Trotz Gesprächen mit den USA hält die Türkei an ihrer Position fest, den Nato-Beitrittsprozess Finnlands und Schwedens zu blockieren. Er habe US-Außenminister Antony Blinken die Position der Türkei zur Norderweiterung des Militärbündnisses deutlich gemacht, sagte der türkische Außenminister Mevlüt Cavusoglu am Mittwochabend nach einem Treffen mit Blinken der türkischen Presse. Grundsätzlich bewertete Cavusoglu die Gespräche mit seinem US-Kollegen aber als „äußerst positiv“. Blinken sagte, die Bedenken der Türkei seien legitim, betonte Cavusoglu.
Die US-Regierung zeigte sich am Mittwoch optimistisch, dass der Widerstand der Türkei überwunden werden könne. Der nationale Sicherheitsberater von US-Präsident Joe Biden, Jake Sullivan, sagte am Mittwoch, er sei „zuversichtlich“, dass „die Bedenken der Türkei“ angegangen werden könnten und dass die beiden nordischen Länder schließlich dem westlichen Verteidigungsbündnis beitreten könnten. „Wir haben ein sehr gutes Gefühl, wohin das führen wird.“
Beim Nato-Rat am Mittwochmorgen blockierte die Türkei die Aufnahme von Beitrittsgesprächen. Nach Informationen aus Bündniskreisen äußerte Ankara bei dem Treffen Sicherheitsbedenken und machte deutlich, dass man sich zum jetzigen Zeitpunkt nicht einigen könne.

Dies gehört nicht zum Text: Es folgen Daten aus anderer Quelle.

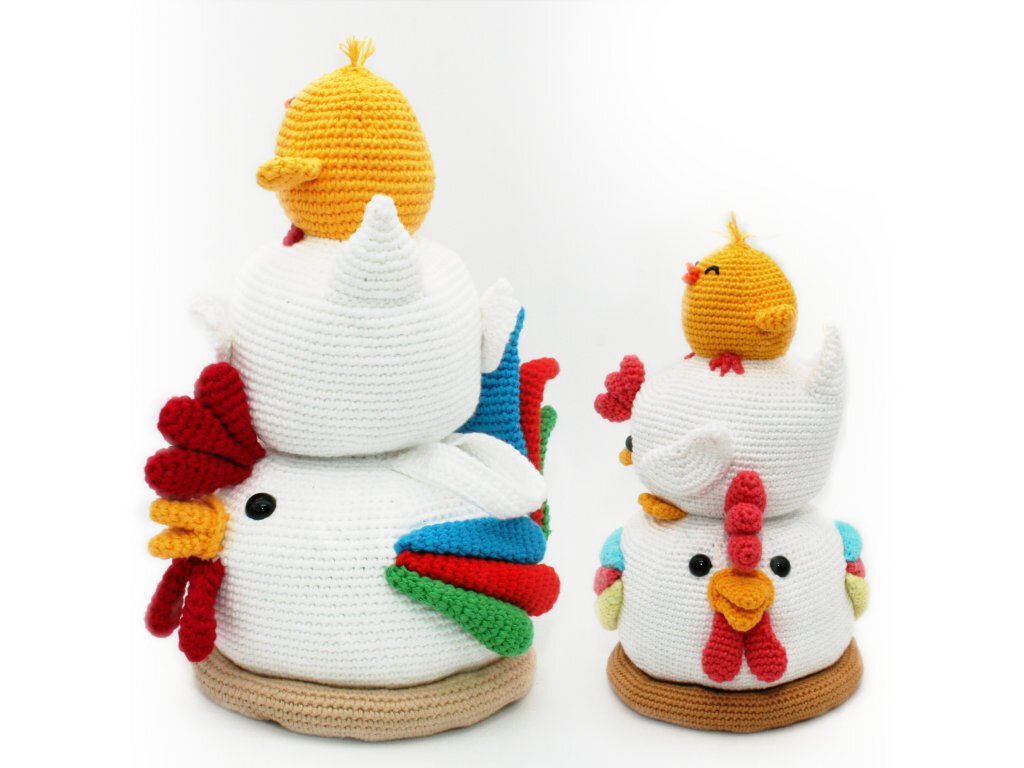 Zwei gehäkelte Huhn-Türstopper mit bunten Flügeln und jeweils kleinem gelbem Küken obenauf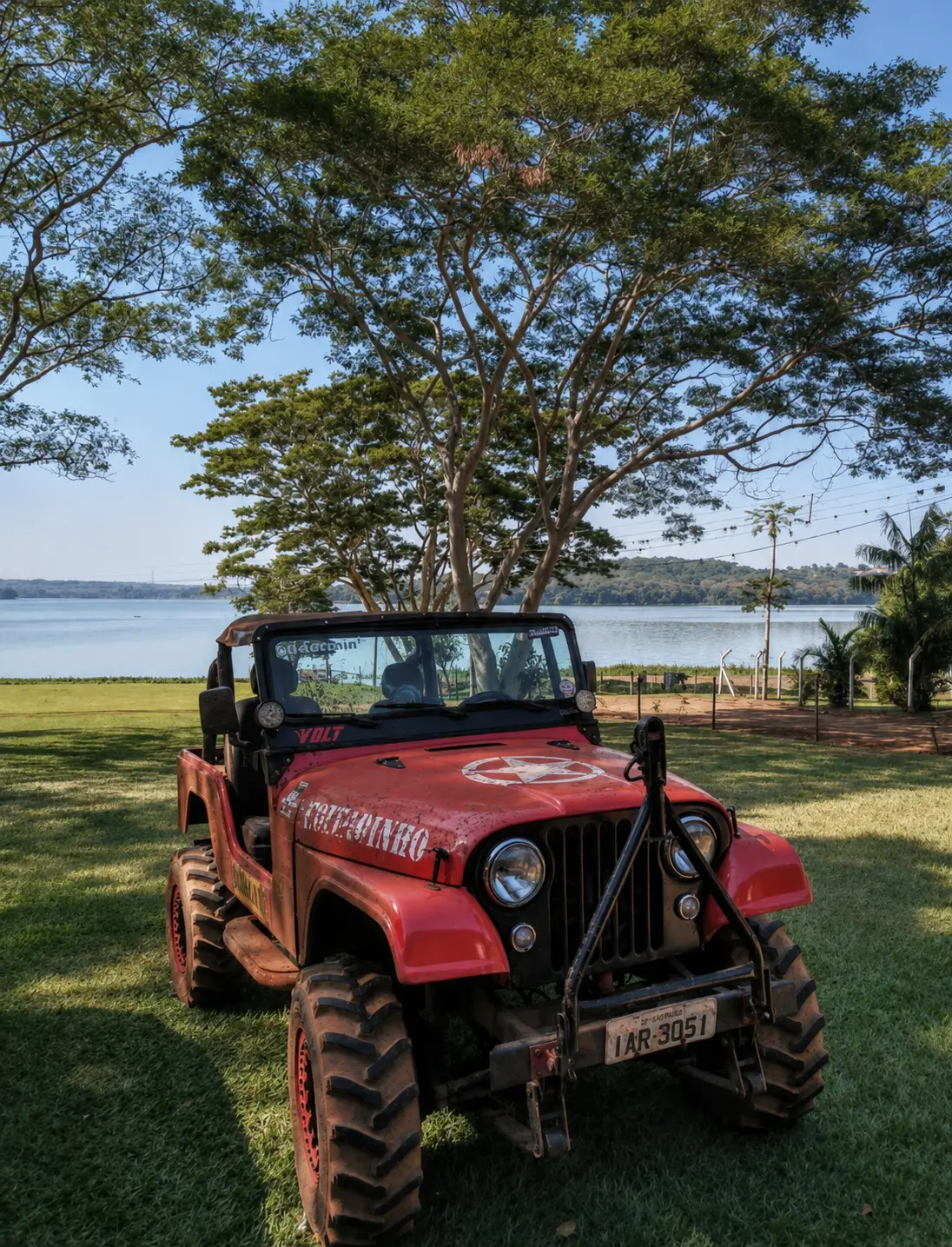 Jeep vermelho equipado com pneus Dardara próximo a um lago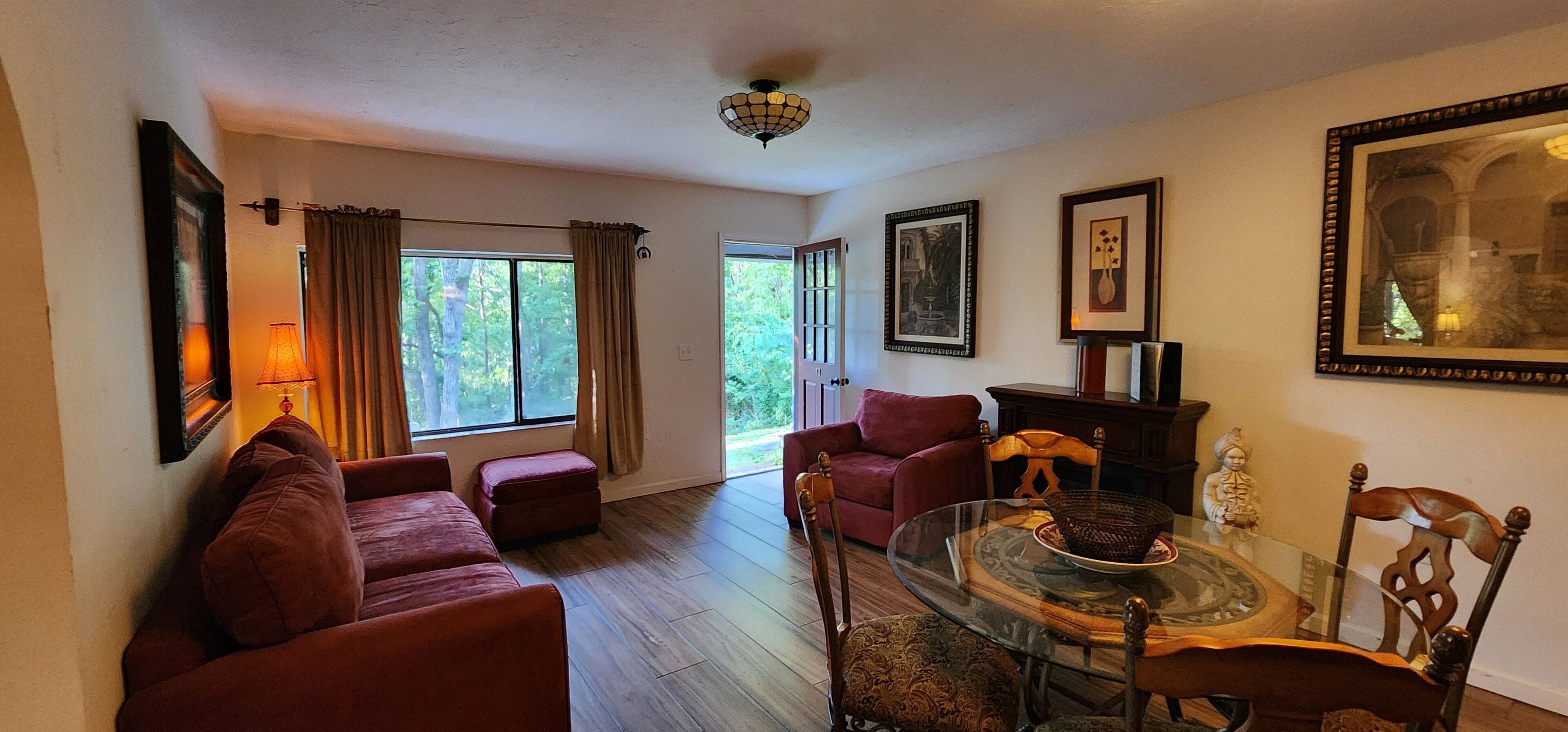 A living room with a glass dining table, red sofas, and a red armchair. There are framed pictures on the walls and a large window with curtains.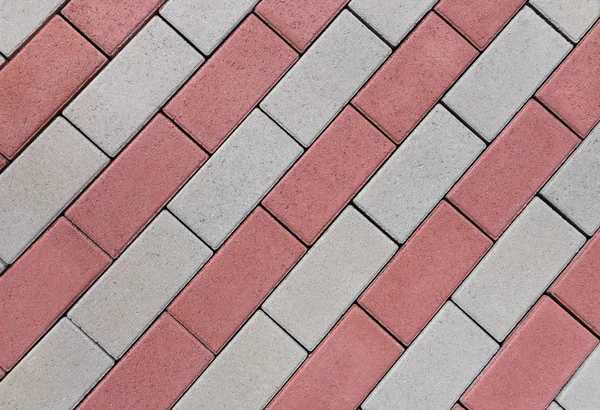 赤と灰色の舗装石の行の図パターン — ストック写真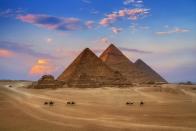 <p>Historians <a href="https://www.britannica.com/topic/Pyramids-of-Giza" rel="nofollow noopener" target="_blank" data-ylk="slk:estimate;elm:context_link;itc:0;sec:content-canvas" class="link ">estimate</a> that it took approximately 100,000 workers several decades to complete the Pyramids.</p>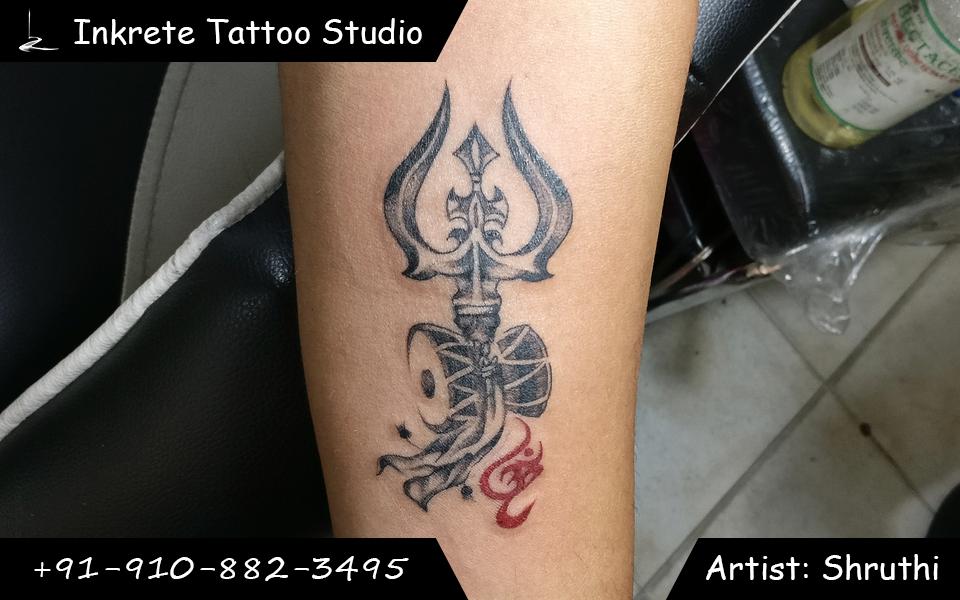 Thrishul tattoo, Damru tattoo, om tattoo, religious tattoo, trident tattoo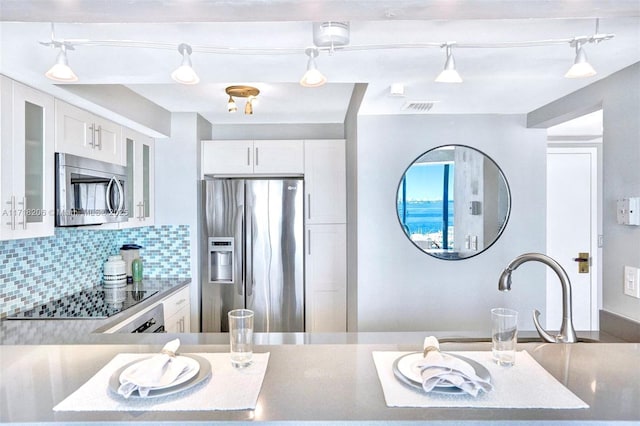 kitchen featuring stainless steel appliances, white cabinetry, sink, and backsplash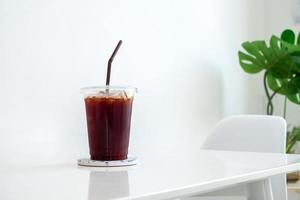 Black coffee, Americano coffee in plastic coffee cup on white table in coffee shop, food, beverage and health concept,copy space photo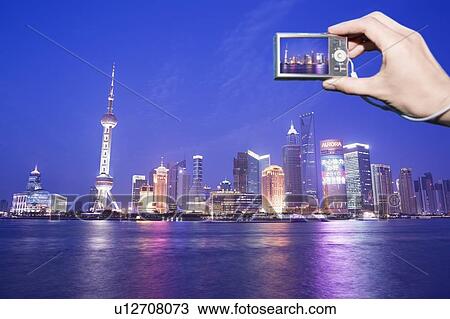 Stock Image - Tourist photographing Shanghai skyline, China. Fotosearch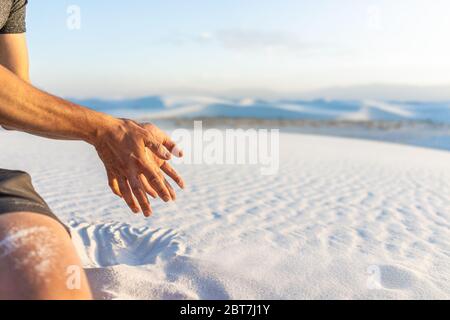 Monument national des dunes de sable blanc avec homme main tenant sable tombant grains au Nouveau-Mexique au coucher du soleil Banque D'Images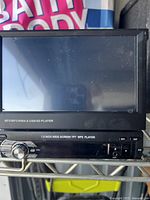 Front view of the car stereo showing the 7-inch screen and control panel with volume knob and input ports.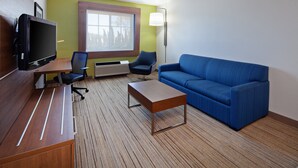 Une chambre d’hôtel avec une télévision, un canapé bleu, un bureau en bois, une chaise et une lampe.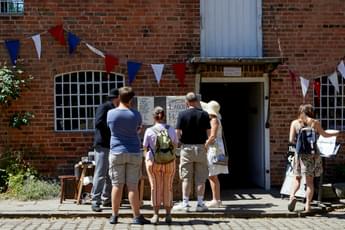 A group of people in the cobbled courtyard with Sarehole Mill building behind.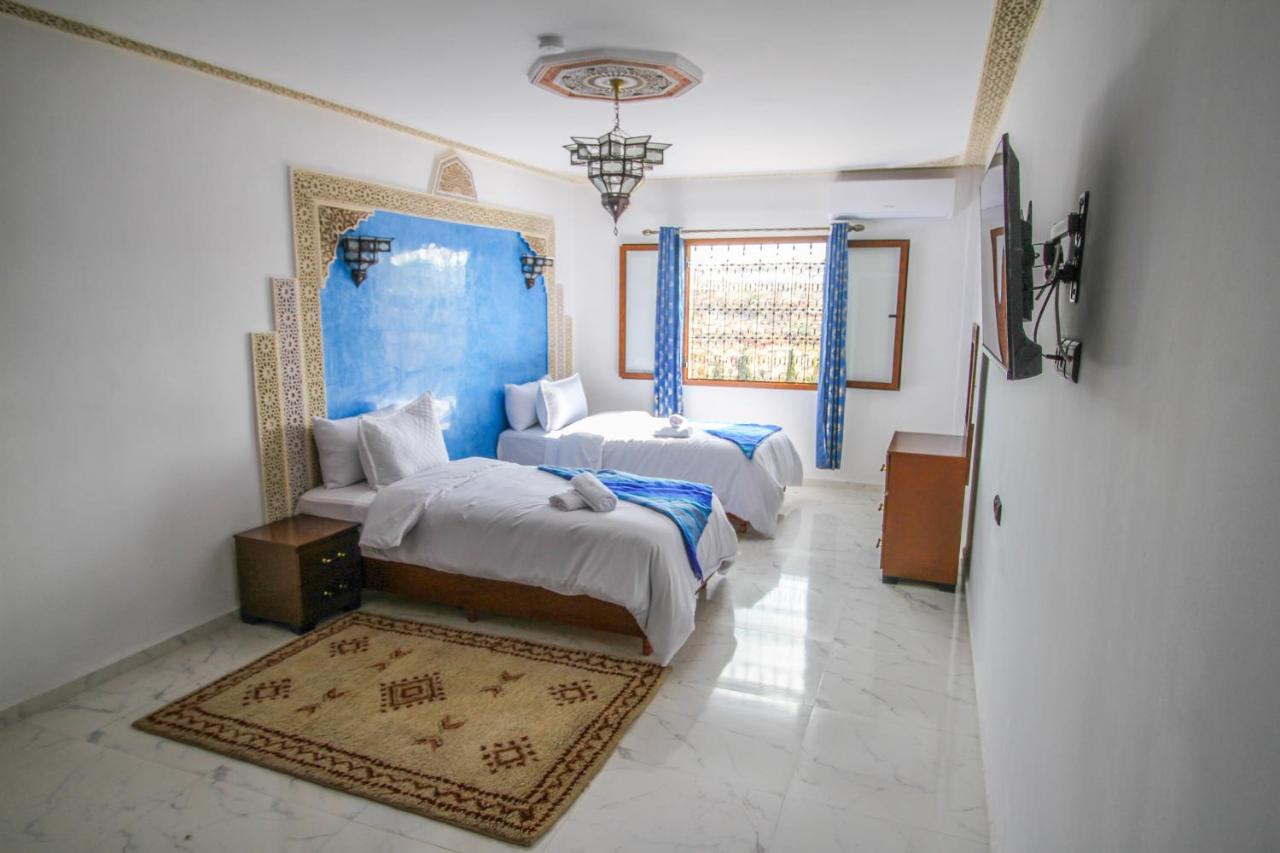 Chambre Triple - Vue sur Ville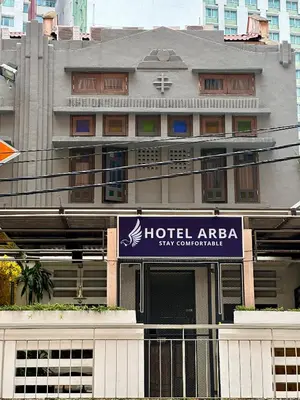 a hotel area with a sign in front of a building at Hotel Arba in Kuala Lumpur
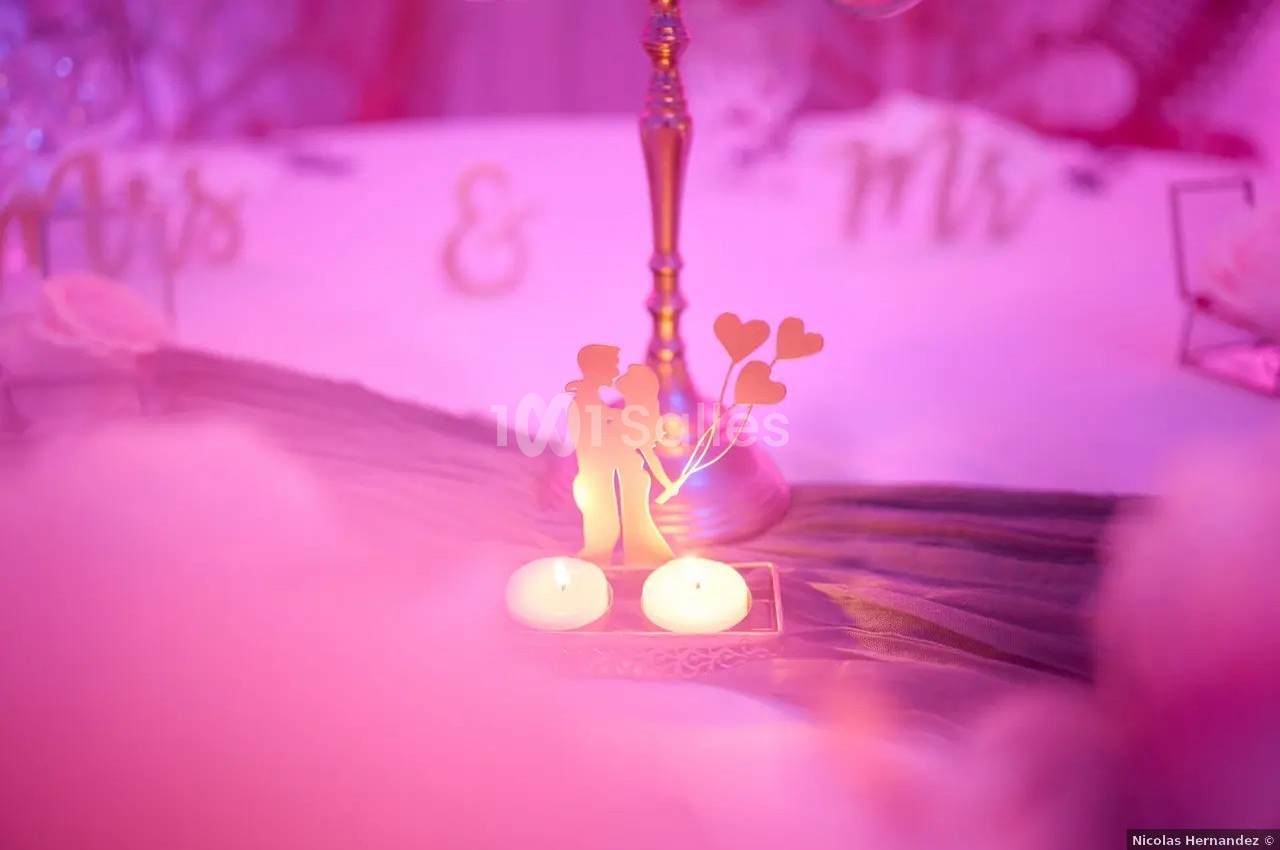 Décoration romantique avec une silhouette de couple, deux bougies allumées et un fond rose flou.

Ein Sprecher des Bündnisses wollte sich zu den Gesprächen im Nato-Rat nicht äußern. Er betonte lediglich, dass Generalsekretär Jens Stoltenberg entschlossen sei, eine schnelle Lösung für Finnland und Schweden zu finden. „Beide Länder sind unsere engsten Partner, und ein NATO-Beitritt würde die euro-atlantische Sicherheit stärken“, sagte er.
Erdogan hat derweil wieder öffentlich deutlich gemacht, dass er die Zustimmung zum Nato-Beitritt Schwedens und Finnlands davon abhängig macht, in Sicherheitsfragen auf sein Land zuzugehen. Für die Türkei gehe mit der Nato-Erweiterung der Respekt vor ihren Interessen einher, sagte er in einer Rede vor seiner konservativ-islamischen Regierungspartei AKP in Ankara.
Schweden und Finnland wollten weiterhin „terroristische Organisationen“ unterstützen, kritisierten aber gleichzeitig die Zustimmung der Türkei zur Nato-Mitgliedschaft, meinte Erdogan. „Das ist, gelinde gesagt, ein Widerspruch.“
Erdogan beschuldigte Schweden, sich geweigert zu haben, 30 „Terroristen“ auszuliefern. „Die NATO ist ein Sicherheitsverband. Insofern können wir nicht ja sagen, diese Sicherheitsbehörde unsicher zu machen“.
Erdogan bezeichnet Anhänger der verbotenen kurdischen Arbeiterpartei PKK, die auch in den USA und Europa als Terrororganisation gilt, als „Terroristen“. Auch die Türkei sieht die Kurdenmiliz YPG in Syrien als Terrororganisation – für die USA hingegen ist die YPG in Syrien ein Verbündeter.
Bis vor kurzem war unklar, wie die Türkei daran gehindert werden könnte, ein Veto gegen die Nato-Mitgliedschaft Schwedens und Finnlands einzulegen. Neben Äußerungen der beiden skandinavischen Länder zum Kampf gegen den Terrorismus könnten laut Diplomaten auch Waffengeschäfte eine Rolle spielen. Die Regierung in Ankara etwa will F-16-Kampfjets in den USA kaufen – doch ein möglicher Deal war zuletzt in Washington politisch umstritten.